When I first met Croga I was confused about how his family is. It’s a different world, compared to mine. We are all very close, not only my sister and me, but I am also close with my uncle. My mom a little less, but I see her more often then Croga sees his. His dad is still a strange story. I believe I have seen this man only a couple of times since Croga and I are together (almost 8 years now). The only time his dad calls is when he needs advice about his computer or if something isn’t working. And as a good son would do, Croga goes over there to help out. Mostly without me, I don’t feel like being stuck with his dad’s wife to whom I got nothing to say. Sometimes it looks like Croga doesn’t belong in that family, although his youngest brother and him are very much alike on the outside. And truth being said, I can get along with him. It’s the oldest brother I can’t get along with, but tolerate for the sake of peace.
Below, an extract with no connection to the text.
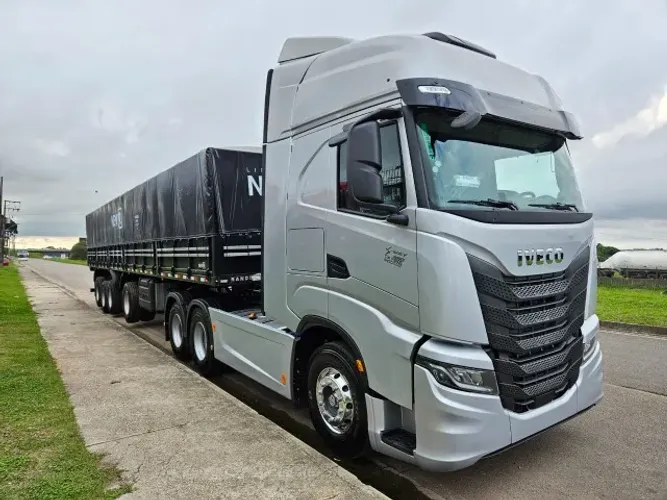 Iveco S Way 480 6x2 Ano 25 0km Susp mola + 4 Eixo Randon 13.5m sem pneu 0km disponível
No, I feel blessed with what I have. I feel blessed for growing up with two parents that stayed together until the end. I feel blessed with the way I was brought up, being free to develop my own personality. I feel blessed that I had the bond with my dad that I did. I feel blessed for my sister and family that I am close to. I feel blessed for having the friends that I have, not being that many, I cherish them. And I even feel blessed with Croga, I couldn’t wish for a better, sweeter, funnier man
Strange, how people can have that a different effect on you. That there are people you absolutely can’t get along with, no matter how hard you try. As Croga always says: your family, you get for free. Your friends, those you choose. And thus are your friends more important than your family.
For me they are both. My family are my friends. And my friends feel like family.